Information given: Begin

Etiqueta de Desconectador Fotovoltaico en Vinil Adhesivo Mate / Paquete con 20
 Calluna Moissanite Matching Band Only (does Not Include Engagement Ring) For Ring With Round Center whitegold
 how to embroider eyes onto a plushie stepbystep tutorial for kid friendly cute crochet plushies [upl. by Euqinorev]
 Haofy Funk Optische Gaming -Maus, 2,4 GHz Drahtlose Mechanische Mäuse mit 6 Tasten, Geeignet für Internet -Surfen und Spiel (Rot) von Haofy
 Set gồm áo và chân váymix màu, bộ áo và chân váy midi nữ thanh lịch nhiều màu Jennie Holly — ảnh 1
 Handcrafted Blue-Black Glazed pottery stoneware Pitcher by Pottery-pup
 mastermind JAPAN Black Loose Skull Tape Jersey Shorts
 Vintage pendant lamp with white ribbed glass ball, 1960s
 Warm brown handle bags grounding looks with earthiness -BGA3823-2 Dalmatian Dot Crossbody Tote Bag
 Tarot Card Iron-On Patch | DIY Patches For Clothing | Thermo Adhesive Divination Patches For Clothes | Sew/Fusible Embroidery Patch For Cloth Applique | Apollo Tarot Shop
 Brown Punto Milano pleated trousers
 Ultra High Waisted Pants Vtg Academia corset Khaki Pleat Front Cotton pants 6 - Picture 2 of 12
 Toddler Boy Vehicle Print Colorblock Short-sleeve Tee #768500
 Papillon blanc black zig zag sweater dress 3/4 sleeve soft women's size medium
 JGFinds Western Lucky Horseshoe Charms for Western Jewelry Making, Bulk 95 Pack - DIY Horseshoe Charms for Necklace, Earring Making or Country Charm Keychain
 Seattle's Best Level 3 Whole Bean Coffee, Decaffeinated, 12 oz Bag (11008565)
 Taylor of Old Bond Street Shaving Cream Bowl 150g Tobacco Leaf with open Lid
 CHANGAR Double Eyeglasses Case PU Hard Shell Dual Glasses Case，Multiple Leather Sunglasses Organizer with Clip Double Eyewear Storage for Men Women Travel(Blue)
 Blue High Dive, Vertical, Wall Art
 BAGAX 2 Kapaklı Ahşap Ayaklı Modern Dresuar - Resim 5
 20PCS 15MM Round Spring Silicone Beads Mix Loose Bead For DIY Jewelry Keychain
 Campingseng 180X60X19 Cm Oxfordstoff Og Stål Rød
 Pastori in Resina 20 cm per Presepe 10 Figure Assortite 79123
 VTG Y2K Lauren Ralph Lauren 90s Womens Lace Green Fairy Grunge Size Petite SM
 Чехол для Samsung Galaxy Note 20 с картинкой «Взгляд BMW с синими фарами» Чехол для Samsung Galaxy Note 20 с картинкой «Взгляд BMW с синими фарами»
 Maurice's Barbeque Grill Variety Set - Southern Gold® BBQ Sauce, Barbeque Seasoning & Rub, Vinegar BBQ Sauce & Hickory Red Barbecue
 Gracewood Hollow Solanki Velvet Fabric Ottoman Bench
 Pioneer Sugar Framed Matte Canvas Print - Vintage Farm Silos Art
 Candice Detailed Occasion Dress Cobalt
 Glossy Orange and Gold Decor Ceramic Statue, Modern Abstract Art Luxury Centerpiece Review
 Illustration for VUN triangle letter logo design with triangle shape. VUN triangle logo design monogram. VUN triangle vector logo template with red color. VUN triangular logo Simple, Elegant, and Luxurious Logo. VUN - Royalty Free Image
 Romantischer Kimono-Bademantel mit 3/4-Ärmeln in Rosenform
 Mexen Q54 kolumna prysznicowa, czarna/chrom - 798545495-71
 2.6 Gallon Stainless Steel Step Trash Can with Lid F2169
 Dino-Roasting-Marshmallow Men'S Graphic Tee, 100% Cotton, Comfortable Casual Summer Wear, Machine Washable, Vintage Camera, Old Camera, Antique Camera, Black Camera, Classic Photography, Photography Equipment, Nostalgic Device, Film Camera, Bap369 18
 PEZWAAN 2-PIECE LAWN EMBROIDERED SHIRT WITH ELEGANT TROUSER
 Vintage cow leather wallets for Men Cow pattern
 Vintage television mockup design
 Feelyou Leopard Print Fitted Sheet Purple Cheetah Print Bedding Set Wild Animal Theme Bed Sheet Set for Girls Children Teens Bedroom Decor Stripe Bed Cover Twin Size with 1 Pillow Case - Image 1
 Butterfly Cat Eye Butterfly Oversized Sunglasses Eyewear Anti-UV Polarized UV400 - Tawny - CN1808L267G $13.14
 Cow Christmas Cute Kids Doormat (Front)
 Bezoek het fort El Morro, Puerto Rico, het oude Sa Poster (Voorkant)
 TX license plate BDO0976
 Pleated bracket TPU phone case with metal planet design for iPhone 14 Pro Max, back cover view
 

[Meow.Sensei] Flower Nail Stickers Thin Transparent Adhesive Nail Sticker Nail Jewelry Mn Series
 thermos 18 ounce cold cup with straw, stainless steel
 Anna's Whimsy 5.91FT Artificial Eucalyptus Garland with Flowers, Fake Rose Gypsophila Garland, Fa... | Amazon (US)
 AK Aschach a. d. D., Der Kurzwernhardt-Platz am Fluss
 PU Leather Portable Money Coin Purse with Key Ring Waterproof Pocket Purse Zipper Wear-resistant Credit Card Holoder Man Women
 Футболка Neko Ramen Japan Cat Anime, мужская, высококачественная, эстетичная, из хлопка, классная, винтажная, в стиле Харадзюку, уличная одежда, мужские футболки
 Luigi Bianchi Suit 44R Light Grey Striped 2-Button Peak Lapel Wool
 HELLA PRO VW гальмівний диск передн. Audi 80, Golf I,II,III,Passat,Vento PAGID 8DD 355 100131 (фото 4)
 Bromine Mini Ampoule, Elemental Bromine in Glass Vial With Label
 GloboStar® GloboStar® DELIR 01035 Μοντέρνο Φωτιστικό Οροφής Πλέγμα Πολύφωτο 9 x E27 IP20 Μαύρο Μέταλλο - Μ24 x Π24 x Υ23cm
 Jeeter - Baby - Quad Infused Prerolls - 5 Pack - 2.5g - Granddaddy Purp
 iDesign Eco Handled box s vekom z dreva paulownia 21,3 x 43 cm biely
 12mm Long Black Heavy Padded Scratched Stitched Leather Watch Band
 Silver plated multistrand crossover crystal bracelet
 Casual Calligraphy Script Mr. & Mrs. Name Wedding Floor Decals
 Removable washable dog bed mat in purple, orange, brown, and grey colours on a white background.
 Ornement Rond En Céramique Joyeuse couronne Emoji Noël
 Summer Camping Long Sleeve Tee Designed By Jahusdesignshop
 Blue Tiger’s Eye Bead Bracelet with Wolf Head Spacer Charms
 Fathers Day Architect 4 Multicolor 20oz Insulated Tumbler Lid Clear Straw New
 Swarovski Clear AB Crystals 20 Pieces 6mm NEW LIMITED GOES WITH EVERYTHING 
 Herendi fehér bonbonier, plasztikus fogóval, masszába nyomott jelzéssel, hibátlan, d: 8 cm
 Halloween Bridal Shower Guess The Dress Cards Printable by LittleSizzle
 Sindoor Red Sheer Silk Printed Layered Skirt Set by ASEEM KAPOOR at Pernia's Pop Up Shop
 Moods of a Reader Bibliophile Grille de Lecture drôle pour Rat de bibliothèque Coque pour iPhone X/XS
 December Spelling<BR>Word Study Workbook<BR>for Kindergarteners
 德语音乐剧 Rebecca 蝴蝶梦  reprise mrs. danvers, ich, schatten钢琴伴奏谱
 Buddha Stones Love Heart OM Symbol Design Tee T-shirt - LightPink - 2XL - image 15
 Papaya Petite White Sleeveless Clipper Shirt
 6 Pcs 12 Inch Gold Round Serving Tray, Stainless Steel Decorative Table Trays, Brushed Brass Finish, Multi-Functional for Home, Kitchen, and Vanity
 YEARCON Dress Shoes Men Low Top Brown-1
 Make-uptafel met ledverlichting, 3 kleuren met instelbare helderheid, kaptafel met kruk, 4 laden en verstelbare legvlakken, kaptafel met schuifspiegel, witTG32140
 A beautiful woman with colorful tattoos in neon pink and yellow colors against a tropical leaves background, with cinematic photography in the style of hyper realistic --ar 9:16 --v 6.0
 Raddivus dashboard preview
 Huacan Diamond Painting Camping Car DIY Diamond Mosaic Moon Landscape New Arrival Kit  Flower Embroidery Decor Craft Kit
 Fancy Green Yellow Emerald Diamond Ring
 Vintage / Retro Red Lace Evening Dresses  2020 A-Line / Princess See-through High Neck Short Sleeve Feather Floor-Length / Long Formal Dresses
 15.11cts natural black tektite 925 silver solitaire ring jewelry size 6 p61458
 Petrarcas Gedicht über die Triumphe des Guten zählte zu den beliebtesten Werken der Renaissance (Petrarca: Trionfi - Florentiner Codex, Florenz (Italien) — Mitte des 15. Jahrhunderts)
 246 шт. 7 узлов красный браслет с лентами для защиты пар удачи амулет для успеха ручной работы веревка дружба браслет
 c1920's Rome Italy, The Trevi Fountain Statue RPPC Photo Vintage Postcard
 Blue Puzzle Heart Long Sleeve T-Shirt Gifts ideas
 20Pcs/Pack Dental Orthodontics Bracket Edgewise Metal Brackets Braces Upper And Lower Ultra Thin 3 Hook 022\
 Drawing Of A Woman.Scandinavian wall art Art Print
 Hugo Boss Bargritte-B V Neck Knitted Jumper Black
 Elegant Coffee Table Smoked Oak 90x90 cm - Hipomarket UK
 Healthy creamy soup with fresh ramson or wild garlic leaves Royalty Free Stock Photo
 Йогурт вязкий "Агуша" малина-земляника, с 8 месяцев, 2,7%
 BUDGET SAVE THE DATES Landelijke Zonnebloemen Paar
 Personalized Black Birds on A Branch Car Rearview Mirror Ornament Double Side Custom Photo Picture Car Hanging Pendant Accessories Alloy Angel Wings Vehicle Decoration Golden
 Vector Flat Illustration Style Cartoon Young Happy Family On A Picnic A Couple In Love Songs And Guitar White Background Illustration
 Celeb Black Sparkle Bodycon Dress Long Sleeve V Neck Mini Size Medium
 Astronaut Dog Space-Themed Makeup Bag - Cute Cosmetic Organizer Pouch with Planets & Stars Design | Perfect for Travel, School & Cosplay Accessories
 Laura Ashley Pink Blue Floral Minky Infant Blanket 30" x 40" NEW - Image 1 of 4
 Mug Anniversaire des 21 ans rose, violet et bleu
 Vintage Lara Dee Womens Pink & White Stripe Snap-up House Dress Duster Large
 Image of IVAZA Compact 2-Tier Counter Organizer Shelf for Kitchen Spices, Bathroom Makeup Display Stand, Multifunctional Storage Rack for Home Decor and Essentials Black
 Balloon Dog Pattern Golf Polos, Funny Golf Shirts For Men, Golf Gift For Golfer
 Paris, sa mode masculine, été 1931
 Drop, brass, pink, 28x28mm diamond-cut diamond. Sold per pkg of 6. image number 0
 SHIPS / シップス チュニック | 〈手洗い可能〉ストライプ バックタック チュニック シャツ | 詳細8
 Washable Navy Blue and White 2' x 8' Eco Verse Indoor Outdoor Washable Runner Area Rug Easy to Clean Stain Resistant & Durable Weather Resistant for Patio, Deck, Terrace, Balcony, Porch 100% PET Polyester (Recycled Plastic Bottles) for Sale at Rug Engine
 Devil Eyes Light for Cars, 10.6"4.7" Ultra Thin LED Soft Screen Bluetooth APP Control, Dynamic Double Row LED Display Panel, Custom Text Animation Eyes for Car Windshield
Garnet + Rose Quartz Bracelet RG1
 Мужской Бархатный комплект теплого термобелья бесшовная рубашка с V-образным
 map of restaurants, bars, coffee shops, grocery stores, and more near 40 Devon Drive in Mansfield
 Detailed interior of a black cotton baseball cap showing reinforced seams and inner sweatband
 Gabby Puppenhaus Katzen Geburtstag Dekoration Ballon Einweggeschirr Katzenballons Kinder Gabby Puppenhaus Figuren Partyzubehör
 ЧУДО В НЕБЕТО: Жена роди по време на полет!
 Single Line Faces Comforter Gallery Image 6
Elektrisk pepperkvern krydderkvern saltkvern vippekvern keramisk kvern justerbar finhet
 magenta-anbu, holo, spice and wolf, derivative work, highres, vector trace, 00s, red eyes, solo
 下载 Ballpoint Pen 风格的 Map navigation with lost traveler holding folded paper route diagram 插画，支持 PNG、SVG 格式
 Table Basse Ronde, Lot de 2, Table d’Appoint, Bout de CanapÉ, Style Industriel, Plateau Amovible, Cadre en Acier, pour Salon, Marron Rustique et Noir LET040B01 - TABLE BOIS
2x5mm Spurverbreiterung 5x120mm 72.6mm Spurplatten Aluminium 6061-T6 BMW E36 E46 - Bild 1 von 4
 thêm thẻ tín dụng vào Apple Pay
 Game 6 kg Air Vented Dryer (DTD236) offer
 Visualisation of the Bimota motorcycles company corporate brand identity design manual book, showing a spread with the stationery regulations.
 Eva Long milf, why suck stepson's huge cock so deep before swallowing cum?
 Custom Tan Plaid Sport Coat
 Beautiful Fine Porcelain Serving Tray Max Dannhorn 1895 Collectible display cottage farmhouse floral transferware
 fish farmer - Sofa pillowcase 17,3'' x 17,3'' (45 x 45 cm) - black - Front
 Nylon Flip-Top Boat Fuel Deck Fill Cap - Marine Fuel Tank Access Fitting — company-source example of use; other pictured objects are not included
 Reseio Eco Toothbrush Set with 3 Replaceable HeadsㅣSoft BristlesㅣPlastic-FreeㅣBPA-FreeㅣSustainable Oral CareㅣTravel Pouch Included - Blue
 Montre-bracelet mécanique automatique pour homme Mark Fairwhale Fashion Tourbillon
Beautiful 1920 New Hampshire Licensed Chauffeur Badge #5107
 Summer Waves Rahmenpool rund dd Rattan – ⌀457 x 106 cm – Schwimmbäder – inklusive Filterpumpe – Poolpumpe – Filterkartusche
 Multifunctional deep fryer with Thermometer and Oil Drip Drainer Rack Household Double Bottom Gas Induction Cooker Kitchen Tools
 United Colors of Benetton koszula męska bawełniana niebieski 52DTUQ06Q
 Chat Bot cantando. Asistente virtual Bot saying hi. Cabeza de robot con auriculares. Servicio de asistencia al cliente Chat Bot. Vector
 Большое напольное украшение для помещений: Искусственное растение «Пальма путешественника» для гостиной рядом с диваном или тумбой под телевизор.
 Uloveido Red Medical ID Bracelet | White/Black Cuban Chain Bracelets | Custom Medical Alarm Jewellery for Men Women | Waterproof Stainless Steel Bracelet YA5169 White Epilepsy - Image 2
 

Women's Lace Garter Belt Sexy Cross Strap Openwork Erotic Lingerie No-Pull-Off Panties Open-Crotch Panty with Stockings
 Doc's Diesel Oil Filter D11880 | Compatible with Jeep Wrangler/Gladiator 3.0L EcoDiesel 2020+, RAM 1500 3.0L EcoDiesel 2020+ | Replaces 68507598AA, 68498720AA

Information given: End

_Activity_: From the entries above, print the lines beginning at the one with "iDesign Eco Handled" and stopping after the one with "Removable washable dog", exactly as written and with nothing else.

_Written solution_:
 iDesign Eco Handled box s vekom z dreva paulownia 21,3 x 43 cm biely
 12mm Long Black Heavy Padded Scratched Stitched Leather Watch Band
 Silver plated multistrand crossover crystal bracelet
 Casual Calligraphy Script Mr. & Mrs. Name Wedding Floor Decals
 Removable washable dog bed mat in purple, orange, brown, and grey colours on a white background.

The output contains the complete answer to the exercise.